Records in Haskell

Mon Jan 9 23:22:31 CET 2012

You mean this wiki page, right?:
http://hackage.haskell.org/trac/ghc/wiki/Records/NameSpacing

> That is, there are no fundamental
> objections to the implementation of this records implementation.

I think that might be overly optimistic... I think there's a risk that 
SPJ finds an irritating complication to type inference & the rest of us 
aren't type-system-savvy enough to continue trying to guess at that :) 
But I think you're referring to whether we object to ad-hoc overloading 
of record field names (neither parametric nor class-based polymorphism), 
if no difficulties crop up.  Some of the concerns on 
http://www.haskell.org/haskellwiki/TypeDirectedNameResolution apply -- 
I'm not sure to what extent, but address those concerns rather than 
require those people to repeat themselves again! :)

(If we dodge all those obstacles, well, a better record system is better!)
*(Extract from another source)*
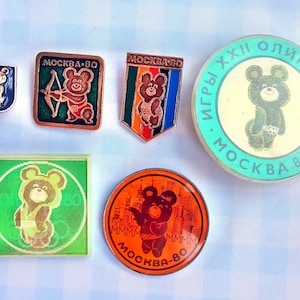 May include: A collection of seven vintage pins featuring the 1980 Moscow Olympics mascot, a brown bear named Misha. The pins are in various shapes and sizes, with different designs and colors. Some pins feature the bear with a bow and arrow, while others show the bear with a flag or standing alone. The pins are all in good condition and would be a great addition to any collection.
Regardless, I think the proposal needs more precision, so I tried for 
syntax.  And got this thousand word email just about syntax, in several 
sections of reasoning, sorry!

--so here are my conclusions/suggestions up front in case you prefer, 
most complicated first - look later for details in a different order, 
referenced by [number].

Given that type inference for expr.field decides between several 
different possible meanings of "field", which "field"s in scope count as 
possibilities?  I concluded "All identifiers 'field' in top-level scope 
(i.e. declared in this module or imported unqualified from another 
module), but no local let/lambda bindings." [1]

I have an unrelated record/module system tweak suggestion to prevent 
leaks of the field-ness of exports meant only as functions. [2]

".field", for any identifier "field", is a postfix operator that binds 
more tightly than function application. [1]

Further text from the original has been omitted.